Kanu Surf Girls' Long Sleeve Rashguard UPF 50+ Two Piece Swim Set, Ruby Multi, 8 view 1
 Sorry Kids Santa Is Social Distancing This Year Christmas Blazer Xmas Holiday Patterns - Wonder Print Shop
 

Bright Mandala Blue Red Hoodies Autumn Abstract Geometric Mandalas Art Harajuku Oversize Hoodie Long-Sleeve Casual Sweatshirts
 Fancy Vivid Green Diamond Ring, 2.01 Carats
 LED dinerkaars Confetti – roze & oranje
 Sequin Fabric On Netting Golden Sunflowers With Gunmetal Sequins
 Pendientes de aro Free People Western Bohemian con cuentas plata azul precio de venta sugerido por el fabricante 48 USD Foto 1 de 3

### Task instructions
Reproduce each line of the data without any change.

### Response below
Kanu Surf Girls' Long Sleeve Rashguard UPF 50+ Two Piece Swim Set, Ruby Multi, 8 view 1
 Sorry Kids Santa Is Social Distancing This Year Christmas Blazer Xmas Holiday Patterns - Wonder Print Shop
 

Bright Mandala Blue Red Hoodies Autumn Abstract Geometric Mandalas Art Harajuku Oversize Hoodie Long-Sleeve Casual Sweatshirts
 Fancy Vivid Green Diamond Ring, 2.01 Carats
 LED dinerkaars Confetti – roze & oranje
 Sequin Fabric On Netting Golden Sunflowers With Gunmetal Sequins
 Pendientes de aro Free People Western Bohemian con cuentas plata azul precio de venta sugerido por el fabricante 48 USD Foto 1 de 3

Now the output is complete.